In [Mod. 10, Case] clearly acknowledges that it has failed to meet the delivery schedule and that its "delinquency ... is not excusable." This is flatly inconsistent with the position that [Case] is now seeking to maintain, i.e., that it has filed bona-fide claims for equitable adjustment.

The court entered judgment for the government for the full amount of its counterclaim, plus interest.5 

Once Case I was dismissed on summary judgment, the government argued that the Court of Federal Claims had no jurisdiction over Case II because the filing of Case I in court put the subject matter of Case II "in litigation" and therefore divested the contracting officer of authority to issue a final decision in Case II. After lifting the suspension of proceedings in Case II, as noted above, the court dismissed that action as "moot" because the "issue presented"--the claim for an equitable adjustment--had been decided by the court in Case I. We read the court's dismissal order as a holding that the claim presented in Case II was barred by the doctrine of res judicata. In its order, the court did not comment on the government's jurisdictional argument.

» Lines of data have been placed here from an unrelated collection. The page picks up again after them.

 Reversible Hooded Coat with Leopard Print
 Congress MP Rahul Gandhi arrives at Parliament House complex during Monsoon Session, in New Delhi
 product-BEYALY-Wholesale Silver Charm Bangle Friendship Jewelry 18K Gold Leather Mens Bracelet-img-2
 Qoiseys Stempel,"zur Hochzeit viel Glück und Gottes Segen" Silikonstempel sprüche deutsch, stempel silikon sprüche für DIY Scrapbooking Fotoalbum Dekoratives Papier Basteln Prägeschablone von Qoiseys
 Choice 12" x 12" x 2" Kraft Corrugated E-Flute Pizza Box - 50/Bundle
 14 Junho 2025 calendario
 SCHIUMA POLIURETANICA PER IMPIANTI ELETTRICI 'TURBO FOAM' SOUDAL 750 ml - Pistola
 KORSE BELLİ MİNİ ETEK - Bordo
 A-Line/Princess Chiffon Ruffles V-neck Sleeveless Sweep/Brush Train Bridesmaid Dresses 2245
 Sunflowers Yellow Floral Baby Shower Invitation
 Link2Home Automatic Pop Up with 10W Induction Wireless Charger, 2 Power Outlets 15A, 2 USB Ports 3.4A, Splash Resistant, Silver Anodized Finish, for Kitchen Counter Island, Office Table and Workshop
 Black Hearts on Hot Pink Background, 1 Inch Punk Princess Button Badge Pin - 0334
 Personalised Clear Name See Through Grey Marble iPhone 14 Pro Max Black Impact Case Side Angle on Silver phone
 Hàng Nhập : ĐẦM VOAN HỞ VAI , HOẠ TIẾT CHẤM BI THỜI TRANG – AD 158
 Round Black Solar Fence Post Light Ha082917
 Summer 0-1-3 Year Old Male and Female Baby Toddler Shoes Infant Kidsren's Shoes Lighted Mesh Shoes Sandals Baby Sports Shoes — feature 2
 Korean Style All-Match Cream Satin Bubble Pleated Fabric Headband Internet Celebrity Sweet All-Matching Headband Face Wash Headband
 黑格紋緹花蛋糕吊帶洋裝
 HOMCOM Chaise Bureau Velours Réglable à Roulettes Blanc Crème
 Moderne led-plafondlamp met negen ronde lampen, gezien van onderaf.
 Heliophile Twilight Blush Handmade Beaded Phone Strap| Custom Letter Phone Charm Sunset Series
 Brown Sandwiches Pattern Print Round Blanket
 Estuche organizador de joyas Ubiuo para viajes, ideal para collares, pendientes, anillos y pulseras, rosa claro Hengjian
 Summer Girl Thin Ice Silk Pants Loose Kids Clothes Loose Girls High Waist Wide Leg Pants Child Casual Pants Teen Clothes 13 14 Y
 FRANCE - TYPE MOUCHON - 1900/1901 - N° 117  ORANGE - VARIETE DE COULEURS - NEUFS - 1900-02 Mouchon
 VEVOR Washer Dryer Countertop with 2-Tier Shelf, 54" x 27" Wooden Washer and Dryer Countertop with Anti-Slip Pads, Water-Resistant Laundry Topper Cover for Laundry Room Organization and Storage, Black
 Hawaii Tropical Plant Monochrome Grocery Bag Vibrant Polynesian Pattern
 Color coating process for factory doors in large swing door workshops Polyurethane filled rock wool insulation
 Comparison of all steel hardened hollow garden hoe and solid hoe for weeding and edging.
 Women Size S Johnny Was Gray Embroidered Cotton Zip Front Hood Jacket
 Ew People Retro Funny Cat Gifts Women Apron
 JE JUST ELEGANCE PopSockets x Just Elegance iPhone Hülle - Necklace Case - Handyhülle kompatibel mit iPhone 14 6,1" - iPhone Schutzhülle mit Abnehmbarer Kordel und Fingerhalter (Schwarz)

Case appealed both Case I and Case II. We stayed consideration of Case II pending our decision in Case I. Before this court, in Case I, Case argued that the Court of Federal Claims erred in granting summary judgment because genuine issues of material fact existed with respect to (1) whether the government had waived the delivery schedule established by Mod. 21 by unduly delaying in terminating the contract for default, and (2) whether the modified delivery schedule unilaterally imposed by the government in Mod. 21 was reasonable. Case also contended that a genuine issue of material fact existed regarding the fair market value of Case's inventory sold by the government after termination to offset the amount of unliquidated progress payments. On April 3, 1995, we affirmed the grant of summary judgment in Case I in a nonprecedential opinion. In that decision, we sustained the trial court's rejection of the claim that the contracting officer had unduly delayed in terminating the contract for default. As for Case's argument regarding the value of its inventory, we found that the Court of Federal Claims had not erred in accepting the auction price of the inventory as the best evidence of fair market value. As for the remaining issue on appeal (the reasonableness of the Mod. 21 delivery schedule), we stated, "We have also considered Case's other arguments and find them without merit." The stay of the appeal of Case II was lifted on August 19, 1995.

DISCUSSION

As it did in the Court of Federal Claims, the government argues that the court was without jurisdiction in Case II. For its part, Case contends that the court had jurisdiction but that it erred in dismissing the suit. According to Case, its "claim for an equitable adjustment [in Case II ] clearly remains viable, notwithstanding the decision [in Case I ] upholding the default." This case thus presents us with two issues: whether the Court of Federal Claims had jurisdiction in Case II, and whether, if the court had jurisdiction, it properly determined that the claim presented in Case II was barred by res judicata based upon the decision in Case I.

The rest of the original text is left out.